Fix or document concurrency issues on channels in Multicore by OlivierNicole · Pull Request #11171 · ocaml/ocaml

OlivierNicole · 2022-04-07T15:41:38Z

This fixes a few channel-related concurrency issues, mentioned in #10960 (comment), and proposes to document the thread-unsafety or possibly surprising behavior of a few other IO functions.

Lock the channel in runtime functions caml_ml_close_channel and caml_ml_pos_{in,out}. Lock it earlier in caml_ml_flush. Without this, these functions show non sequentially consistent behaviour, unexpected Sys_error exceptions and even segfaults in multicore.
Document the fact that really_input, really_input_string and input_all, because they read by chunks and release the channel lock between chunks, may not read contiguous chunks when there are multiple concurrent readers.
Document the fact that Scanf is thread-unsafe.

stdlib/scanf.mli

xavierleroy · 2022-04-10T17:34:47Z

I need more time to review this, but I like the direction it is taking, thanks a lot !

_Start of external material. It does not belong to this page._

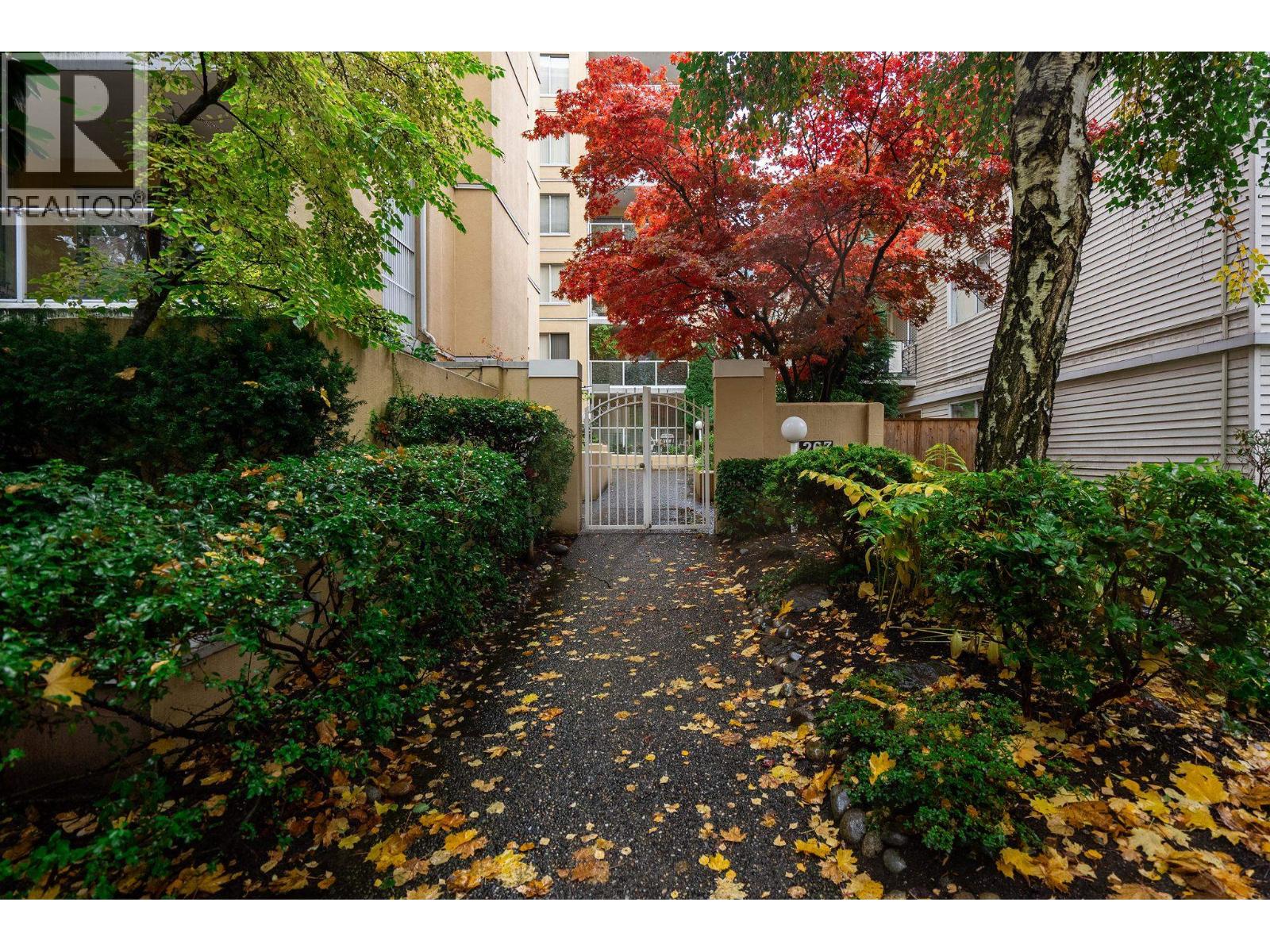 302 1263 Barclay Street, Vancouver, British Columbia  V6E 1H5 - Photo 39 - R3066258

General question in connection with #11177: once we properly lock channels before operating over them, do we still need the refcount field to be atomic?

OlivierNicole · 2022-04-11T16:21:30Z

Thanks for the feedback!

Currently the channel mutex is used exclusively to protect I/O operations. It can probably be used to protect accesses to refcount which would allow to make it non-atomic. Is that something we want?

Octachron · 2022-05-09T11:52:13Z

runtime/io.c

-  /* Ensure that every read or write on the channel will cause an
-     immediate caml_flush_partial or caml_refill, thus raising a Sys_error
-     exception */
-  channel->curr = channel->max = channel->end;


This deletion changes the behavior of runtime warnings: closing a channel no longer disables the warning about unflushed contents.
For instance, this program only emits warnings once this PR applied.

Sys.enable_runtime_warnings true;; external close : out_channel -> unit = "caml_ml_close_channel" let f s = let o = Out_channel.open_bin ("/tmp/"^s) in Out_channel.set_buffered o true; Out_channel.output_string o "test"; close o let () = f "a" let () = for i = 0 to 1000 do let a = Array.make 1_000 () in () done

I'm not aware of these runtime warnings, what form do they take?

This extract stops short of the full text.